* Exercise directions *
Below are some records. Write out exactly their lines from the one with "Facciate Continue in" through the one with "antal lehoczky business card", and leave the pictures behind.

* Source material *
○ ○ ○ ○
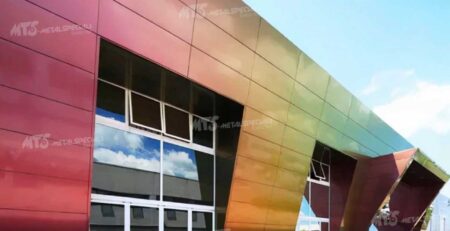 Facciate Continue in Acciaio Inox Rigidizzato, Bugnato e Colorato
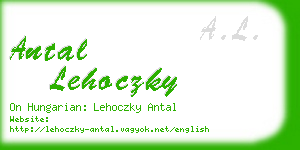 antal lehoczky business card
○ ○ ○ ○
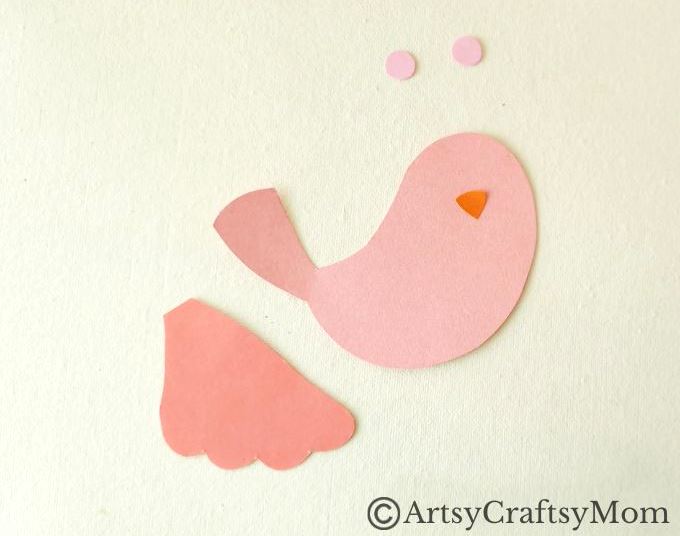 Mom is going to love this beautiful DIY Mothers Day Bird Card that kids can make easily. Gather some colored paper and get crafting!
○ ○ ○ ○
* Solution to the problem *
 Facciate Continue in Acciaio Inox Rigidizzato, Bugnato e Colorato
 antal lehoczky business card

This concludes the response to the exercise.